* **Problem to solve**: Repeat verbatim every line of the material, beginning at the line that holds "First drops of" and ending at its last line.

* **Input data**:
● ● ● ● ● ● ●
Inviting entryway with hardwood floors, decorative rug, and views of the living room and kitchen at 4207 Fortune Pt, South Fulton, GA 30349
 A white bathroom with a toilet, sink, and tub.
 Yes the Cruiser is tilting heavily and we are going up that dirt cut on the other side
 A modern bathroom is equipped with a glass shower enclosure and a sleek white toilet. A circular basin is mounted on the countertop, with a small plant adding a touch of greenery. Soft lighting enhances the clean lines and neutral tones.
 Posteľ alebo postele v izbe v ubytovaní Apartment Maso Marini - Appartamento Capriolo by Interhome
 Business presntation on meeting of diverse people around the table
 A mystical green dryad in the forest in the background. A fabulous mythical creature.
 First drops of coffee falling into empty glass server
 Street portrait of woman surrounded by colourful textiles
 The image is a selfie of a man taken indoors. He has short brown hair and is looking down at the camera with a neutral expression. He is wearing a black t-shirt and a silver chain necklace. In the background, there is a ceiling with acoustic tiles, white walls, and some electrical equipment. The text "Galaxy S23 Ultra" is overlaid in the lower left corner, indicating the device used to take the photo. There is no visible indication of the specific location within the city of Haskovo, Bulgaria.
● ● ● ● ● ● ●
* **Written reply**:
 First drops of coffee falling into empty glass server
 Street portrait of woman surrounded by colourful textiles
 The image is a selfie of a man taken indoors. He has short brown hair and is looking down at the camera with a neutral expression. He is wearing a black t-shirt and a silver chain necklace. In the background, there is a ceiling with acoustic tiles, white walls, and some electrical equipment. The text "Galaxy S23 Ultra" is overlaid in the lower left corner, indicating the device used to take the photo. There is no visible indication of the specific location within the city of Haskovo, Bulgaria.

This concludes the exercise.